▸ **WHAT YOU SHOULD DO**
Below, locate the line that contains "翻領夾克 寬鬆簡約 純色條紋外套". Repeat exactly from that line to the line that contains "Social Thinking Worksheets", inclusive, leaving out the pictures.

===== SUPPLIED RECORDS =====

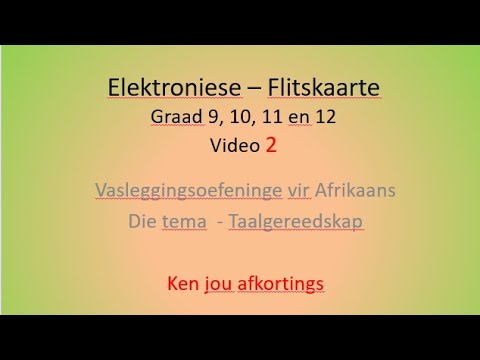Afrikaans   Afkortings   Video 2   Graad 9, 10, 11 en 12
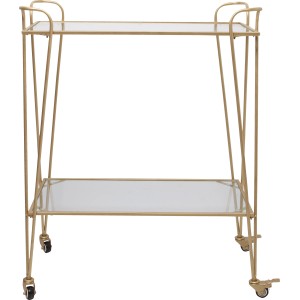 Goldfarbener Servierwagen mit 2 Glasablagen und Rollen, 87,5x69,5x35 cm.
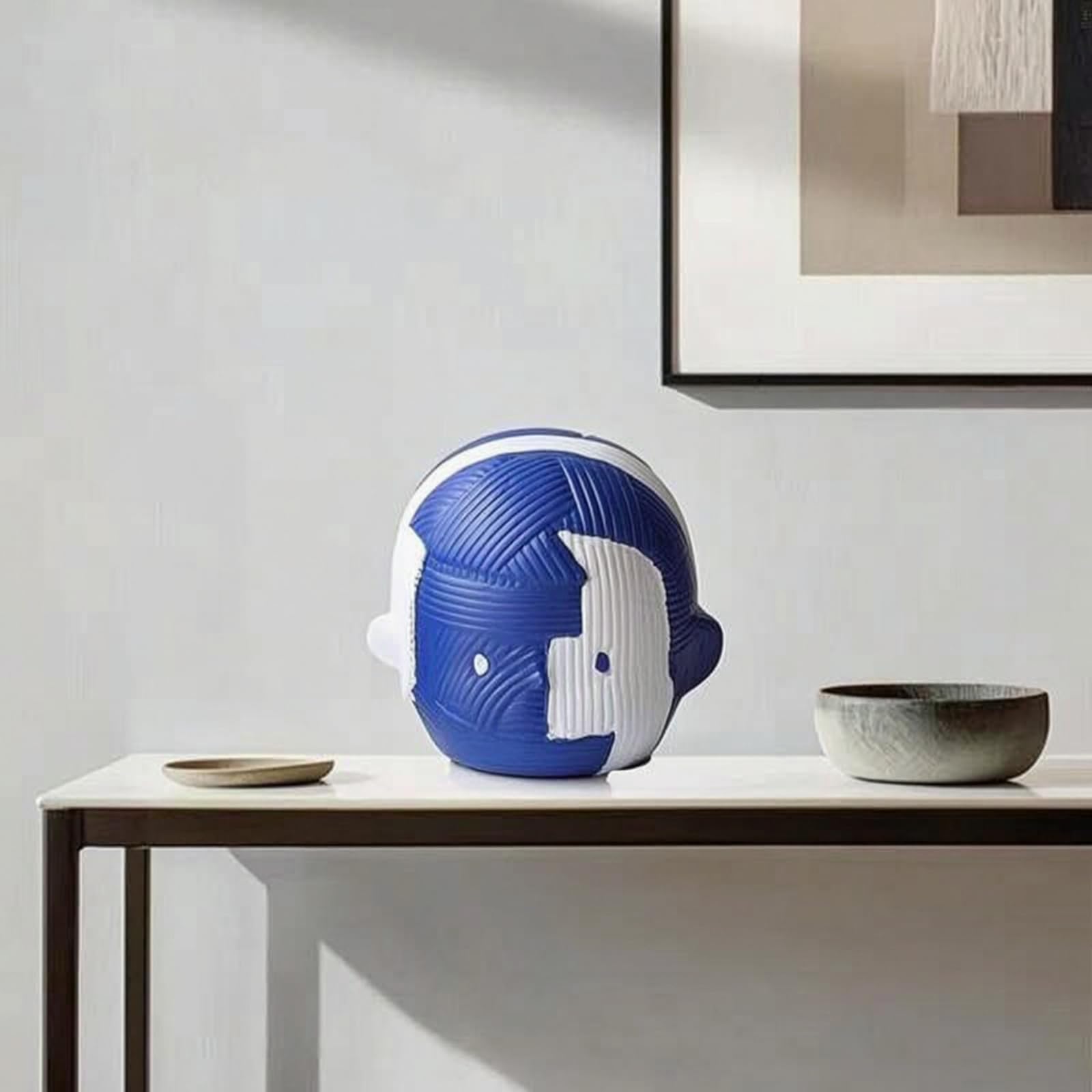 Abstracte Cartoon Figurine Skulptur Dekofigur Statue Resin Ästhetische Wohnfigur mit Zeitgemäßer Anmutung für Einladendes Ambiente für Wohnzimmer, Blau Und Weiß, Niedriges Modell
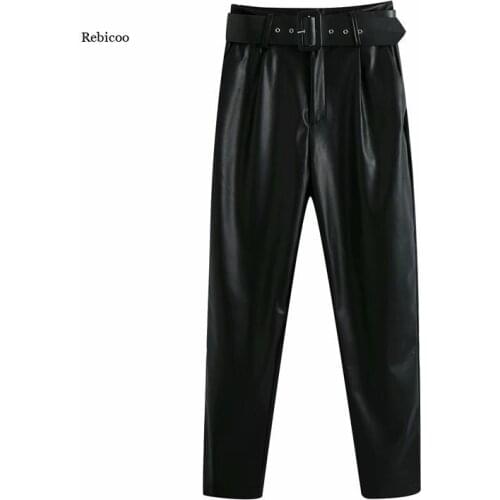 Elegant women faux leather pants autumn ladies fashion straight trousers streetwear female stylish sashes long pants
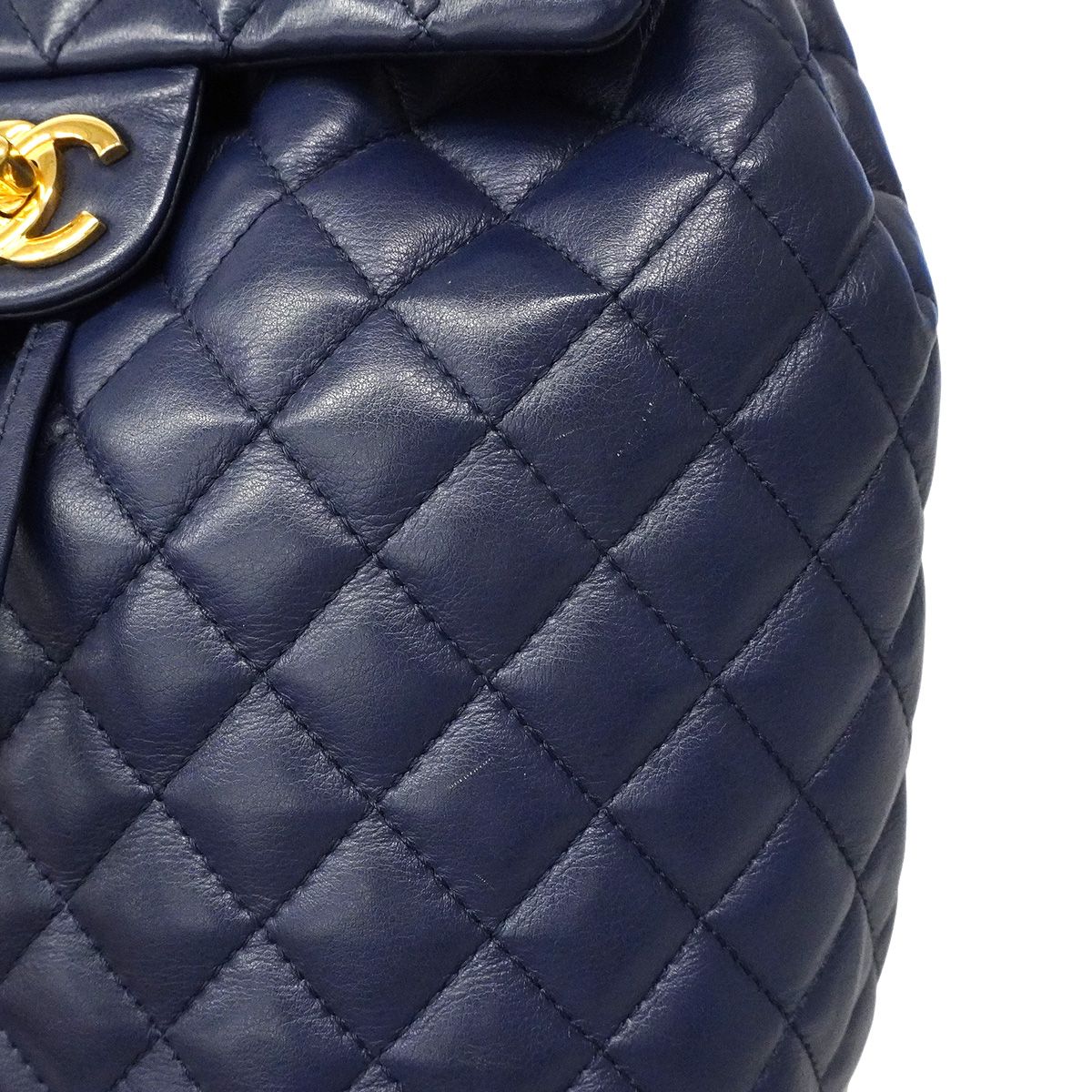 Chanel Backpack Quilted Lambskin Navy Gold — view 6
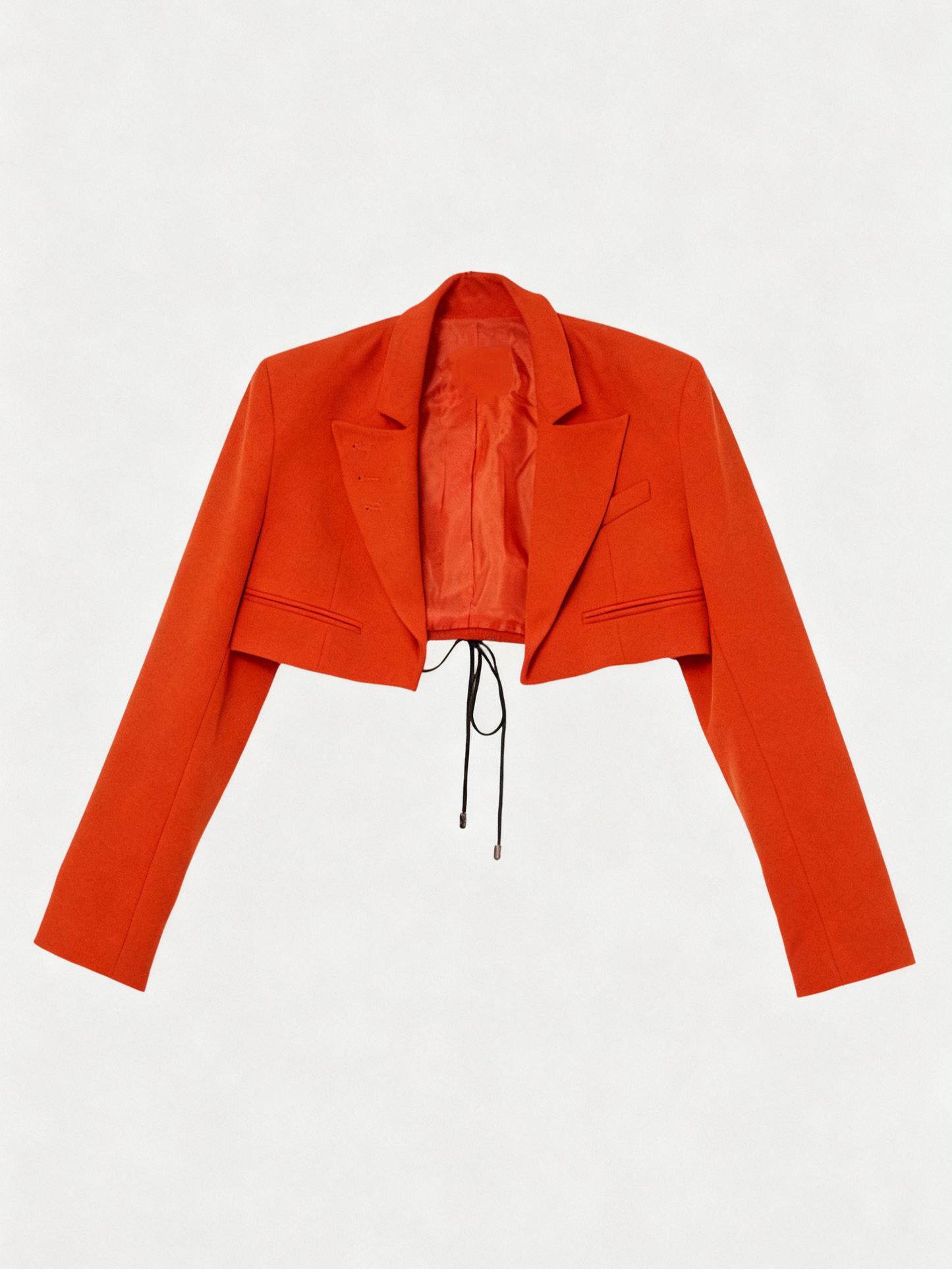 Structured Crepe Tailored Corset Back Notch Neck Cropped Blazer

=====
===== SUPPLIED RECORDS =====

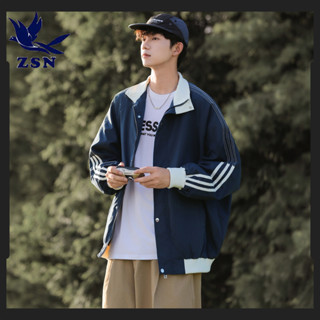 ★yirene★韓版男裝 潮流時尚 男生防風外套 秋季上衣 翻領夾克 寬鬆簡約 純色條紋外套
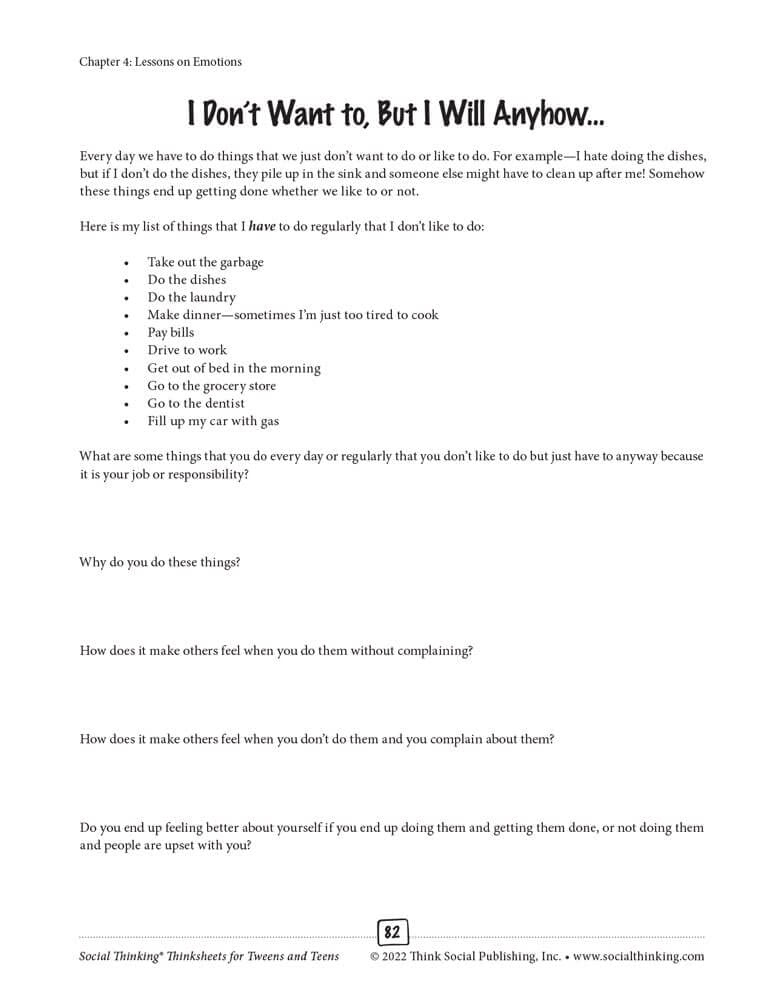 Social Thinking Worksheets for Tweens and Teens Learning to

=====
===== SUPPLIED RECORDS =====

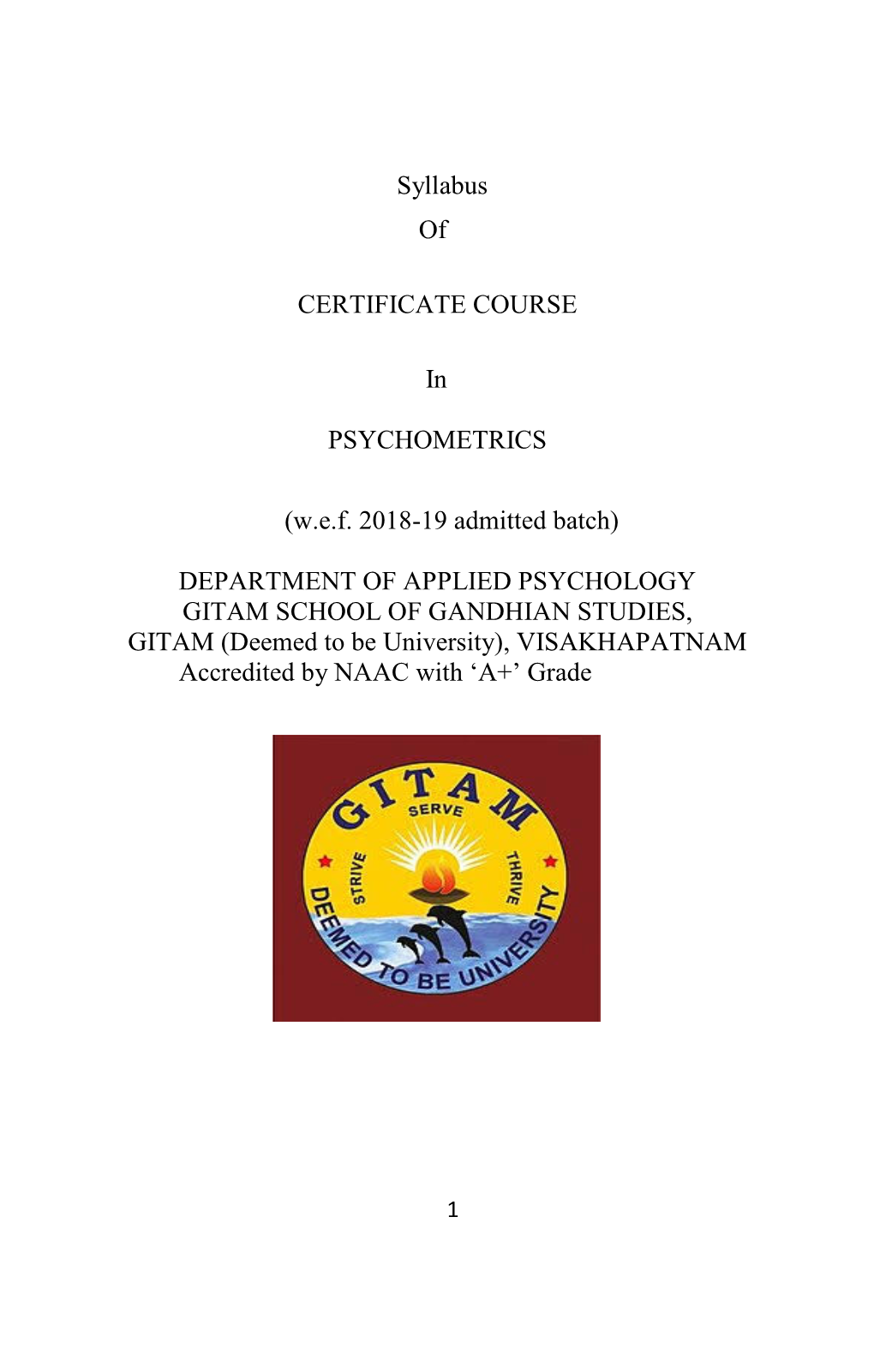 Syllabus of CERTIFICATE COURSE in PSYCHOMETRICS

=====

▸ **RESULT**
 ★yirene★韓版男裝 潮流時尚 男生防風外套 秋季上衣 翻領夾克 寬鬆簡約 純色條紋外套
 Social Thinking Worksheets for Tweens and Teens Learning to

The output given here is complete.